Practical sense check

  • Create a chronology of every disputed event and every date you first knew about it
  • Identify the correct plaintiff for each alleged loss
  • Check whether any company involved has been deregistered or liquidated
  • Review whether each cause of action is fully pleaded, including conduct, causation and loss
  • Treat limitation as an early strategic issue, not a later housekeeping task
  • If relying on concealment, identify the exact basic facts said to have been hidden
  • Do not assume incomplete discovery will stop a court from deciding limitation

FAQ and practical questions

Does this case change the law? On the material available, no. The decision appears to apply established principles about leave to appeal, summary dismissal, limitation periods, pleading sufficiency and standing.

Can a limitation issue really end a case early? Yes. The court said that if a limitation period is a complete answer, the court does not need to postpone the issue until trial.

What counts as knowing enough to sue? The judgment points to knowledge of the basic facts essential to the cause of action, not possession of every document that might later help prove it.

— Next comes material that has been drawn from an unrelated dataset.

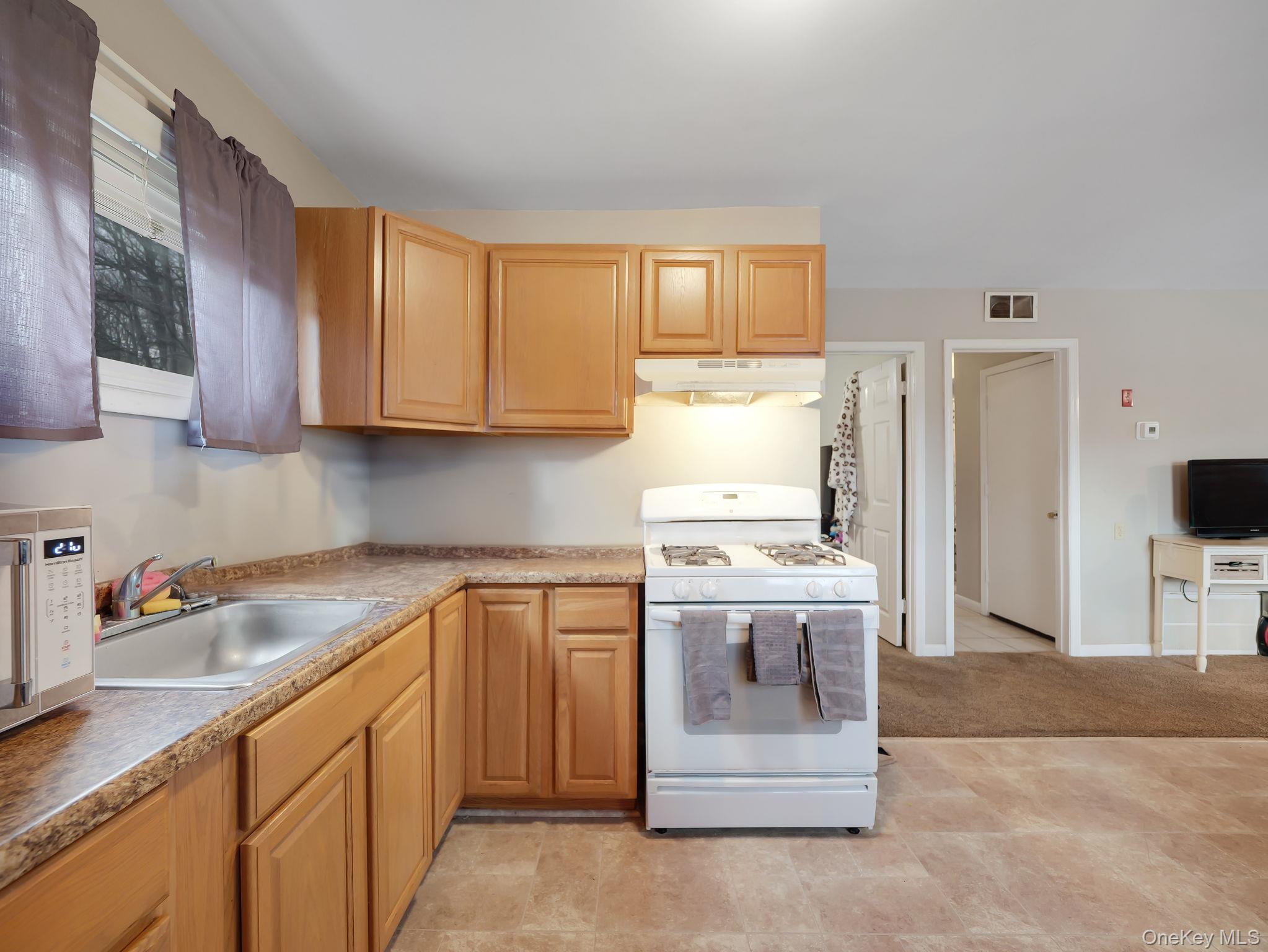 45 Webb Road Property Photo 6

What if the loss was suffered by a company or trustee? Then the individuals behind the business may not be the proper plaintiffs. That issue can be fatal even if the underlying complaint feels personal and commercially serious.

What if the relevant company has been deregistered? The case shows that deregistration can create major standing problems. Even if reinstatement is considered, that may not solve the problem if the underlying claims are already out of time.

Dates and status

The judgment is dated 19 February 2026. It records that the proceeding was an application for leave to appeal from Clark v National Australia Bank Limited [2025] FCA 627. The application for leave to appeal was dismissed and the applicants were ordered to pay NAB's costs on an agreed or assessed basis.

This page should be read with care because the judgment text available here is truncated. The extract is detailed enough to explain the commercial story, the procedural posture, the main limitation issue, the standing problems and the outcome. But some parts of the reasoning and some factual detail may sit outside the visible extract. Anyone relying on the case for advice or active litigation should review the full judgment.